What is expected:
In the records below, the line with "Load your samples" opens the range and the line with "So it says it's" closes it; print that range exactly and nothing else.

Given data:
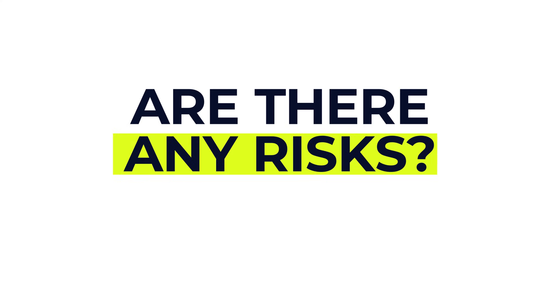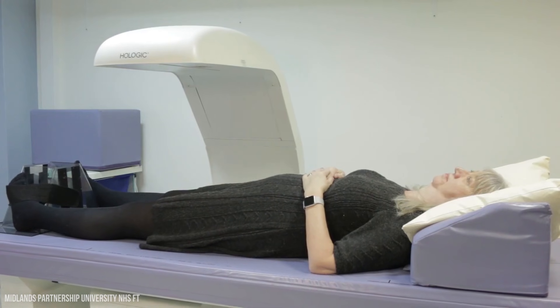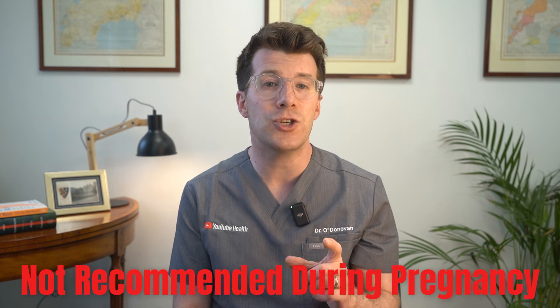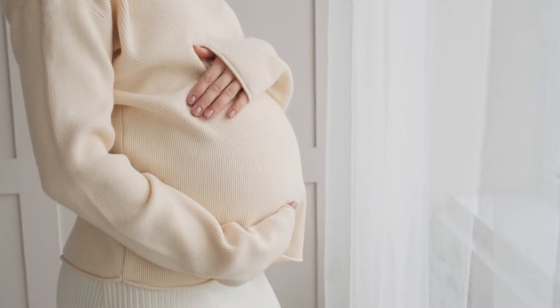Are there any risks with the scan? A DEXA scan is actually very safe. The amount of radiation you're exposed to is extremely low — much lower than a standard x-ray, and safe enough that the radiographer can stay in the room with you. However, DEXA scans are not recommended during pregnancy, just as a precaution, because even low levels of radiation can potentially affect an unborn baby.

* * *

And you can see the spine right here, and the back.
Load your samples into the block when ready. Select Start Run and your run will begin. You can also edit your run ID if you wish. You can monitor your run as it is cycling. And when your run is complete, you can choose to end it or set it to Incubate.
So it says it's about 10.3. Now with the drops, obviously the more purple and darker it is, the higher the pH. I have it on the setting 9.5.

Answer section:
Load your samples into the block when ready. Select Start Run and your run will begin. You can also edit your run ID if you wish. You can monitor your run as it is cycling. And when your run is complete, you can choose to end it or set it to Incubate.
So it says it's about 10.3. Now with the drops, obviously the more purple and darker it is, the higher the pH. I have it on the setting 9.5.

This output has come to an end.